◆ Given data:

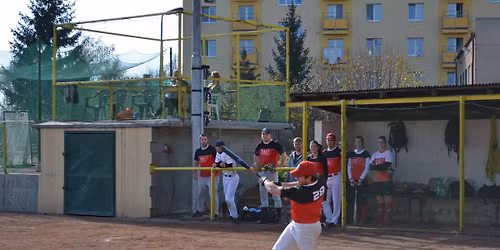 SLOW-PITCH sm\u00ed\u0161en\u00fdch dru\u017estev Radot\u00edn 2025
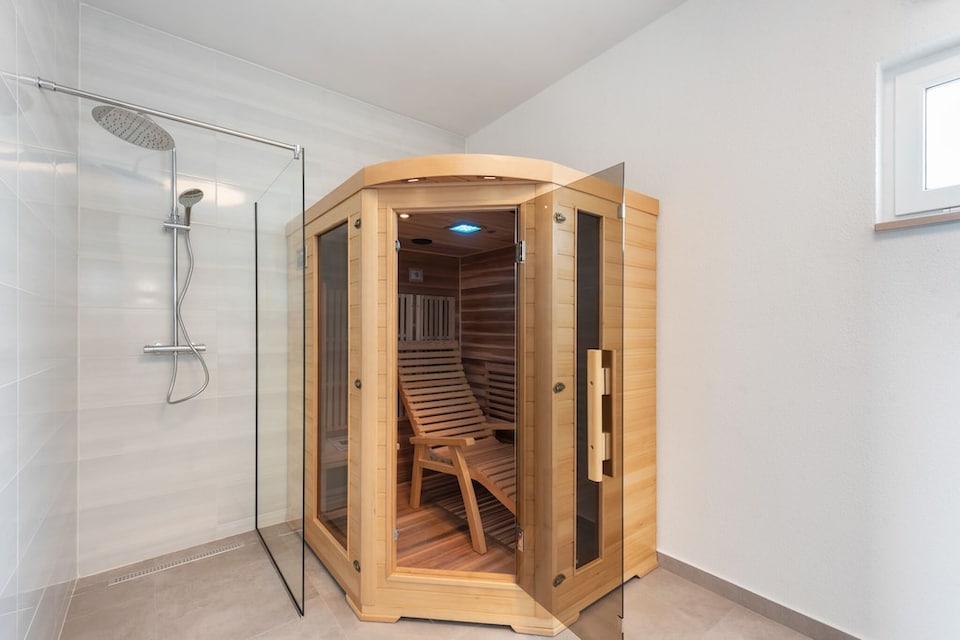 Casa Vacacional en Vir con Piscina y Sauna, Vir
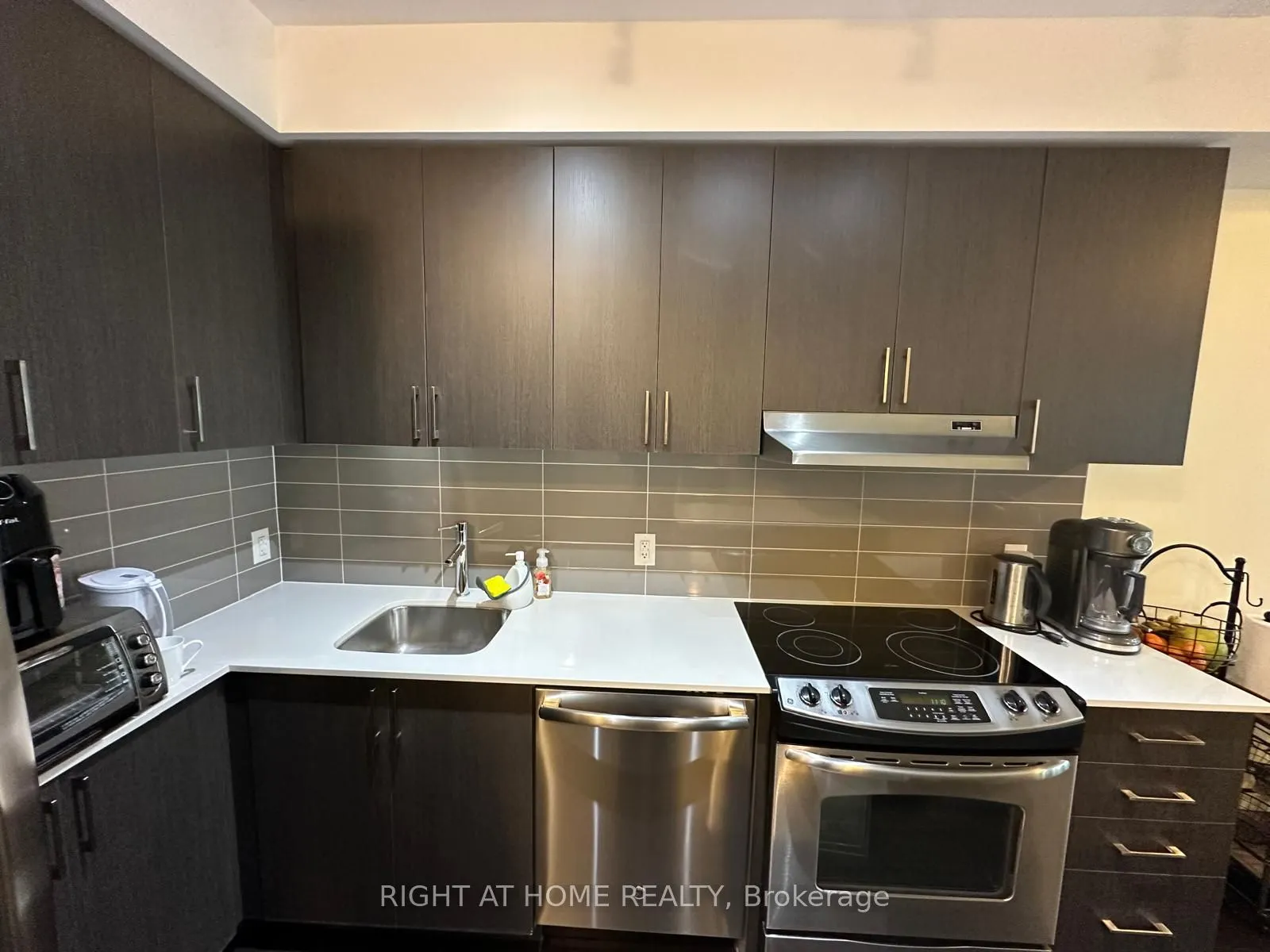 2560 Eglinton Avenue W, #1803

◆ Work task:
Please retype the listing in full, exactly as given, and skip every image.

◆ Task response:
 SLOW-PITCH sm\u00ed\u0161en\u00fdch dru\u017estev Radot\u00edn 2025
 Casa Vacacional en Vir con Piscina y Sauna, Vir
 2560 Eglinton Avenue W, #1803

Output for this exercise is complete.